When I was much younger, I had an idea of how I thought that life would be once I was a “grown-up.” I think everyone does. It really doesn’t matter what background or culture that you have, you probably still thought you knew what it would be like.
The funny thing is that it is very rarely accurate. I’m interested to find out what those are for you, and here are some of mine.
I would get married and have babies immediately
I dated my teenage boyfriend from ages 14-19, and I was positive that not only was I going to marry him whenever we turned 18, but I was going to start having babies then too.
What I didn’t know was that we were going to determine (at different times, inconveniently) that we still wanted to be young and see other people. On top of that, once I found my soulmate and we were married at 23, I found out that I have PCOS (polycystic ovarian syndrome), which makes getting pregnant difficult and complicated.
I would have no problems with money
I thought that I would never struggle financially. I thought that being older automatically meant that you made plenty of money to pay for a house, a car, going out to eat, watch movies; really to do whatever you needed AND wanted to do.
But the truth is that I have a budget, and it has only gotten more strict now that we are expecting a baby. That’s not to say that we haven’t thought we were invincible financially and that things would always come together, but we’ve learned from that whenever we were moving back close to home.
Best friends stayed friends forever
I thought that we would really do things like buy houses all in the same neighborhood, run in the same social circle, be interested in the same things, etc.
It’s just not realistic, and that sounds more pathetic and sad than it really is. I have two best friends that I still talk to every week; we just don’t see each other very often at all. But I had so many friends growing up, I never thought that there would come a day when I’ve got a free Saturday afternoon and no one to call to hang out with. Adults are busy people, and we’re mature enough to understand that being friends doesn’t mean having to spend every waking moment together. In fact, who would want to do that?
I’d become an early bird
I thought that adults had no problem getting up in the morning, but I’m not sure why. It may have something to do with characters on sitcom TV shows sipping coffee at their desk at work and not looking grumpy.
The reality of this is that I have to get up, splash my face with water, stand in front of a space heater for a while, and drink two Dr. Peppers on the way to work just to be able to function and pretend to be awake for the first hour. I’m sure some people may have less trouble with this, but I had some pretty unrealistic and disappointing expectations.
I would miraculously enjoy household chores
I can’t really explain this one. It’s not like my mom pretended to love doing laundry or dishes, and I know that I hated it. I think it goes hand in hand with my marriage ideals. I just thought you married someone and everything was perfect forever, including chores (and getting up early).
I would magically become a good cook
And here I am at 25, and all I can make is ziti. My husband happens to be an amazing cook and he can make anything that you can imagine. If he couldn’t, we would either starve or put our entire paycheck toward takeout. For the record, I can clean a mean house.
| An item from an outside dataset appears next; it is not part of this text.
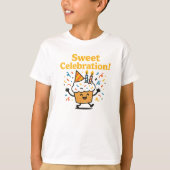 Sweet Celebration Cute Chocolate Cupcake Design Tシャツ (正面)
It is ridiculously important to me that Sophye learns to cook from my husband, so once we’ve passed on, she doesn’t have to hope to luck out with an amazingly culinary-inclined spouse.
I would know and understand everything I need to spiritually
Adults always seemed to have all of the answers. Now that I am one of those adults, I can see others confidently stating things as fact, when in reality they have no way of knowing for sure. But kids can sense uncertainty, so you need to be committed if you want them to believe you. I get that.
Throughout my life, there have been times that I have felt sure that I had the answers, and not long after that I would begin to grow in other areas of my life. As I became omniscient, I would be humbled.
I haven’t determined how I will teach Sophye once she begins asking questions that have complicated answers, but I hope that I don’t convince her that she will be expected to know everything at any point. I’m sure it will be an adventure in and of itself.
Please leave feedback and share your thoughts on how you thought life would be, or maybe things that turned out exactly as you thought they would.